Taken as cathartic narrative by a writer who needs the distance of generalisms and the second person when describing his stressful experience before moving on to something new, they seem like a very honest confessional of ‘how it felt’.

I think that’s absolutely true. More soon.

Really beautifully put. I also like this passage:

“…when it’s removed from its lone rider origins and placed in an institutional confine, the rapid iteration cycle and the overflow of feedback can create a tremendous social pressure to stick to whatever initial choices are perceived as successful…”

The pressure on bloggers does seem to have industrial/institutional/social/temporal aspects, and your language catches the flavor of all of them.

(Sorry, mixing metaphors, it’s late.) .

Matt, I think you make a great point that Ambinder’s characterization of blogging is in many ways particular to the crowded, ego-heavy DC blog world that he inhabited. But I also think that his criticisms of the demands of an online persona apply more broadly to the different kinds of blogging than you give him credit for.

For the past three years, I’ve heard over and over that journalists must develop a “personal brand” in order to survive in the new world of web journalism. Get a blog, get on Twitter—get an audience, or you’re toast. This idea surfaces regularly in lists of advice for journalism students. I’ve even heard a proposal or two that he journalism of the future will be supported not by advertising or by subscription costs, but by fan club sales: buy a t-shirt from your favorite narrative journalist! Look—a coffee mug with a picture of Susan Orlean’s chicken! I think Ambinder’s essay is important because it’s the first time I’ve heard pushback on this idea from a journalist who was very successful in making himself a personal brand. I read Ambinder’s farewell to blogging as his desire to de-brandify himself, to retreat from the persona he had created.

Obviously, as you point out, there are many ways of blogging, and many kinds of blog personas. I assume many bloggers—maybe yourself included—wouldn’t even say they have a “blog persona,” but simply that their ordinary, multi-sided, thinking selves blog.
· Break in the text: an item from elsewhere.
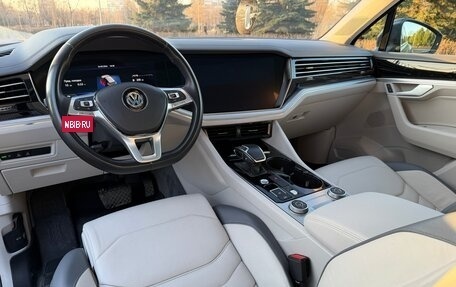 Volkswagen Touareg III, 2019 год, 4 850 000 рублей, 9 фотография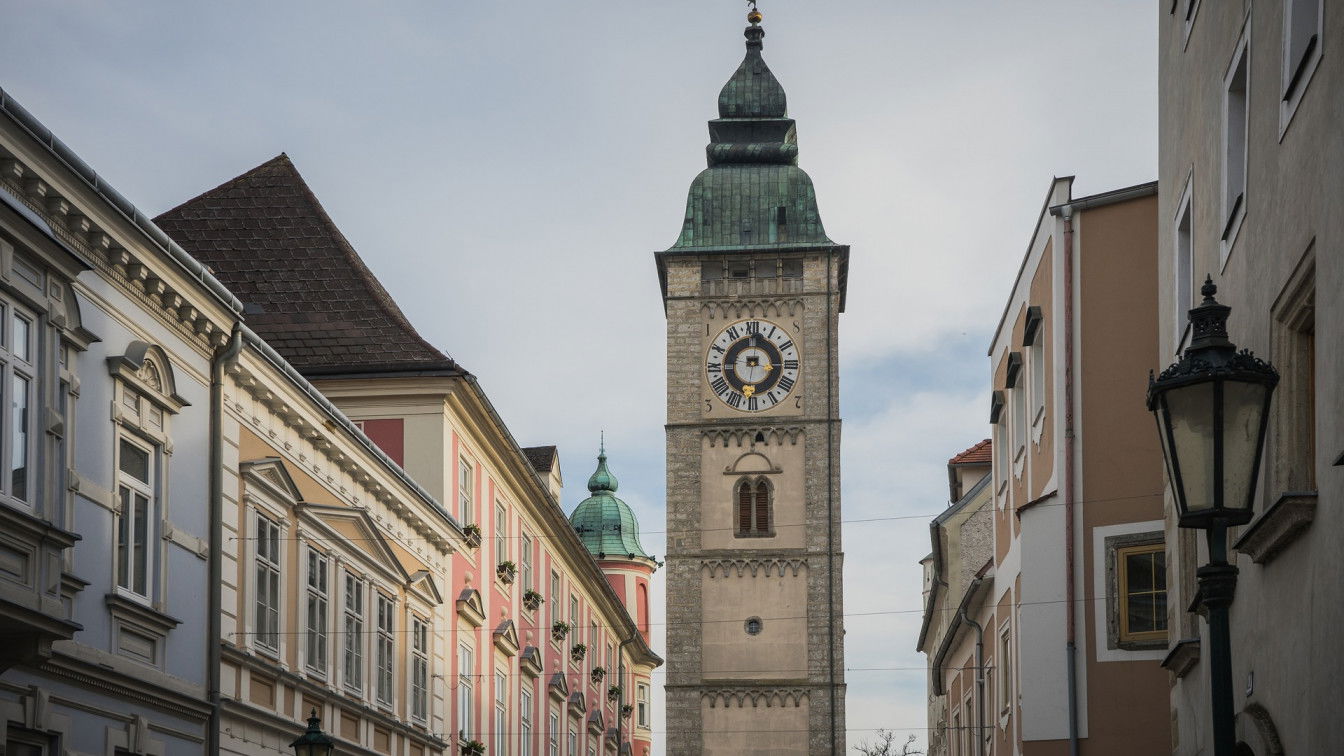 (c) Pixabay Stadtturm Turmhotel Enns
But I think many bloggers—not just the ones in the DC fishbowl— face the pressure to build and maintain a consistent identity. And Ambinder is right in saying that this is something that print journalists don’t have to deal with in anything like the same way.

“Really good print journalism is ego-free,” Ambinder writes. “What I mean is that the writer is able to let the story and the reporting process, to the highest possible extent, unfold without a reporter’s insecurities or parochial concerns intervening.”

I wouldn’t gloss this as just talking about narrative journalism, but about the kind of journalism where a reporter gets to start with a clean slate and a single question—where agendas and interest groups and the probable reaction of this group or that one recede, and all that’s pulling you forward is your sense of the still-veiled contours of the story. It’s no accident that Ambinder talks about the story and the reporting process “unfolding.” What makes (at least a lot of) really good journalism is that readers get to discover something that seems new and exciting because the journalist has just discovered it, too.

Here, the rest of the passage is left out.